Tanpa ada kepedulian dan keterlibatan dari setiap stakeholder terhadap upaya pelestarian Sumber Daya Air (SDA), maka krisis air dibumi Kalimantan akan menjadi keniscayaan. Krisis yang timbul baik karena air yang berlebihan ataupun kelangkaan air dapat menimbulkan dampak yang memilukan.
Demikian sambutan Gubernur Kalimantan Barat (Kalbar) yang dibacakan Plh. Sekretaris Daerah Kalimantan Barat, Drs. Kartius, MM saat acara “Sosialisasi Peraturan Presiden No. 33 tahun 2011 tentang Kebijakan Nasional Pengelolaan Sumber Daya Air” di Kota Pontianak – Provinsi Kalbar (5-7/10).
“Air yang berlebihan dan kelangkaan air, dapat pula menjadi pemicu munculnya berbagai wabah penyakit yang memprihatinkan. Krisis air juga merupakan penyebab kemiskinan dan keterbelakangan serta dapat memicu terjadinya ketegangan antarindividu, antarkelompok dan antardaerah,” katanya.
Fenomena
Menurut Gubernur, di Provinsi Kalbar ada beberapa permasalahan yang terkait dengan pengelolaan SDA, yaitu peningkatan alih fungsi lahan yang disebabkan oleh pertumbuhan penduduk, dampak perkembangan ekonomi sehingga menyebabkan wilayah ini mengalami peningkatan kerentanan terhadap banjir, tanah longsor, kekeringan, penurunan kondisi air tanah, dan intrusi air laut yang juga terjadi akibat penyusutan air sungai di musim kemarau.

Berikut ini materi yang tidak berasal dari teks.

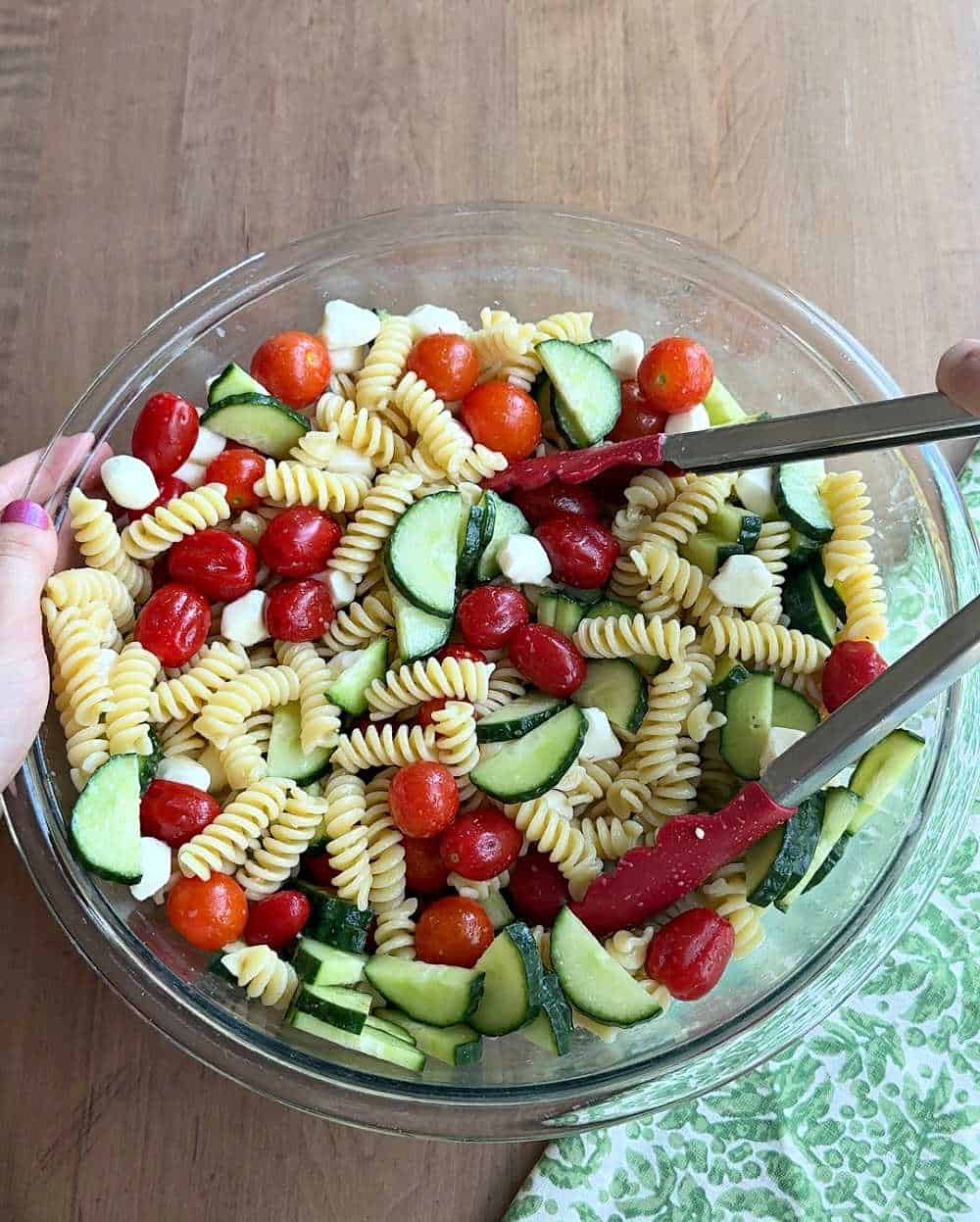 tossing salad ingredients in bowl.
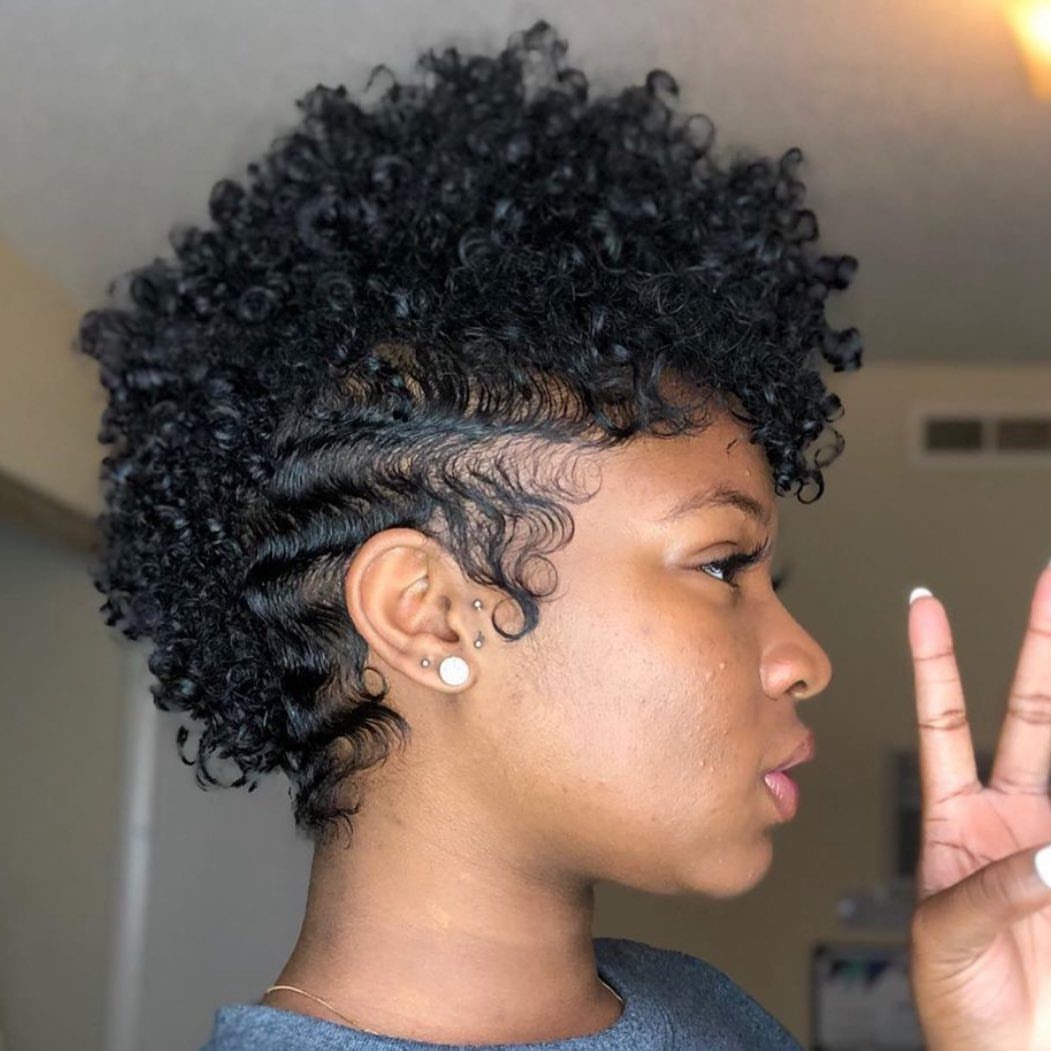 Woman with a mohawk hairstyle featuring tight curls on top and wavy sides.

“Dari data PDAM Kota Pontianak, intrusi air laut bisa mancapai intake di daerah Penepat yang berjarak 50 km dari muara Sungai Kapuas. Sebagian besar penduduk di Provinsi Kalbar masih belum seluruhnya terlayani kebutuhan air bersihnya. Dari jaringan air bersih perpipaan, hanya 30 persen yang bisa dilayani oleh PDAM. Sedangkan 70 persen masih sangat tergantung pada air hujan,” jelas Gubernur.
Lebih lanjut disampaikan Gubernur, bahwa begitu banyak perubahan kondisi sumber daya alam khususnya SDA yang semakin membuat prihatin. Menurutnya, kerugian dan kerusakan lingkungan baik yang diakibatkan kekeringan maupun banjir, datang silih berganti. Bahkan beberapa kawasan lain yang semula jarang atau tidak mengalaminya, sekarang banjir dan kekeringan seolah telah berubah menjadi peristiwa rutin.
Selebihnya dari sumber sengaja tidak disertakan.